その研究所では、魔物の生態や魔道具の開発、更にはシドが携わってるという新アイテムの開発など、研究分野は多岐に渡るそうで、そのせいか研究所自体もかなり大きな建物になっていた。
「すみません、わざわざ付き添っていただいて……」
「いえいえ、今日は午後まで特にやる事なかったので大丈夫ですよ」
王都に来てからというもの、王城の料理人への料理指南や、お茶会の準備などで色々と動き回ってるシュージではあったが、仲間達との時間も過ごしたいなと思っており、今日は何やら重たい荷物を運ぼうとしていたシドに、手伝いを申し出た形だ。

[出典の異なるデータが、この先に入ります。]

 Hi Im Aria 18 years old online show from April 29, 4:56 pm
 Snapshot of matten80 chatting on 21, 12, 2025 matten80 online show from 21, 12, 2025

まぁ、手伝いとは言っても、シドの荷物をシュージの収納袋に入れて歩いて来ただけなのだが。
「一般の方も出入りしていますね?」
「一階は便利なアイテムを売っていたり、博物館があるんです……」
「なるほど。 ちょっと覗いてもいいですか?」
「もちろんです…… シュージさんのおかげでかなり時間が浮きましたから、案内しますよ……」
「助かります」
とりあえず、シドの荷物は研究所の裏手にある倉庫へと持っていき、それが済んだら一階の博物館エリアに2人は向かった。
「ほう、これは魔物の絵ですかね?」
「そうですね…… 魔物の特徴や、その素材が何に使われるのかなどが書かれています…… いくつか伝承の中に出てくるような魔物の物もあったりします……」
「これとかですかね? エンシェントドラゴン、フェンリルなどがありますけど」
「エンシェントドラゴンは数千年生きたドラゴンの通称ですね…… フェンリルは獣の王と呼ばれていて、どちらも強大な力を持っているとされています……」
「ドラゴンとか現れたら大変そうですねぇ」
「ドラゴンは理知的な生き物ですから、人里を襲うような事は基本的にないですね…… ただ、たまに凶暴な個体もいるようで、そういうのは相当な実力者が討伐に向かいます……」
「国を挙げてとかではないんですか?」
「ドラゴンクラスになると、実力の無い者はいくらいても秒殺されてしまいますからね……」
「怖いですねぇ」
「かく言う我らがギルドマスターのジルさんも、数年前にこの国に現れたドラゴンを単独討伐した英雄なんですよ……」
「それはそれは。 ちょこちょこジルさんの武勇伝を聞きますけど、本当にすごい人なんですね」
「まともに戦闘できない僕からすると、シュージさんも相当ですけどね……」
「いやいや、僕はドラゴンなんかには絶対敵いませんから、大人しくご飯を作って皆さんの帰りを待ってます」
「シュージさんらしいですね……」
のほほんとした会話をしつつ博物館を見て回った2人は、そのままの足でいろんなアイテムが売っている場所へとやって来た。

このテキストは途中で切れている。